From the Duckbill Workshop in Bangalore, the first chapter of Ambika Rao’s detective novel. Our thanks to Ambika for allowing us to publish this on our blog.
The first assembly of the second term was under progress. Eyes that missed sleeping till noon, limbs that missed warm beds, stomachs that missed hot glasses of milk. They blinked, creaked and groaned in tandem.
The only thing on Mr. Rangachari’s mind was to set things right. “No more treks,” he announced. “You are not allowed to walk into the hillock alone. Do you understand? If I catch a student anywhere close to the hillock, your parents will be called and you shall be expelled from Happy Times International. Am I clear? Alright then, back to your classes.”
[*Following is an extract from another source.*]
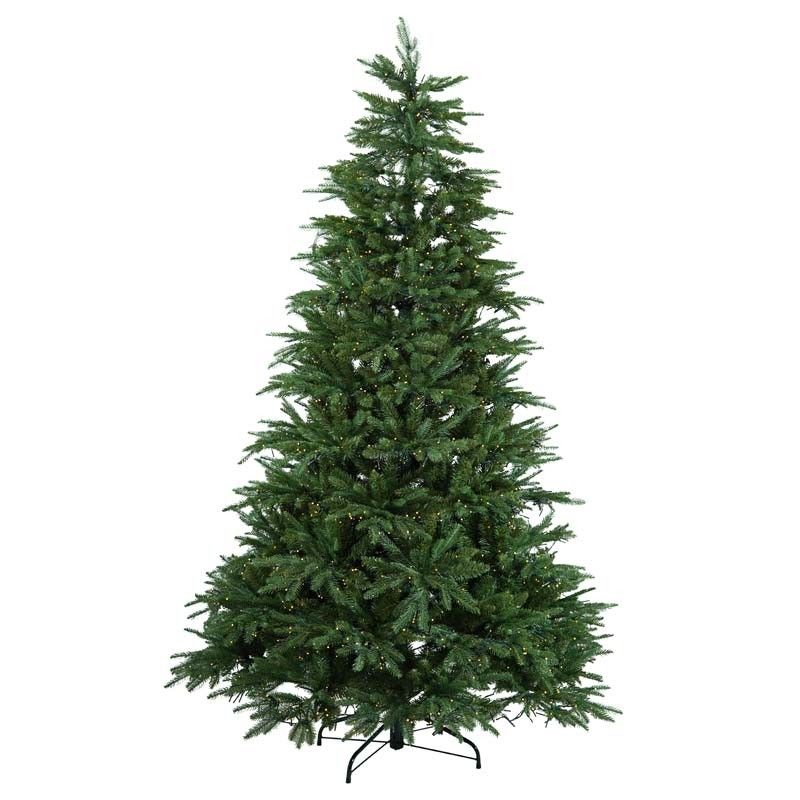 Albero di Natale Abete Verde con Luci Led H.150/400 cm Apertura ad Ombrello - Forest Lux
The previous term hadn’t been too pleasant for Mr. Rangachari. Praful, the nine-year-old from Vindhya House had slipped off the hillock on one of the school’s weekly treks. His multiple fractures meant that Praful would spend three months in bed and miss an entire term. The newspapers wouldn’t miss covering this unhappy detail about Happy Times. Leaving Mr. Rangachari more restless and panicky than usual.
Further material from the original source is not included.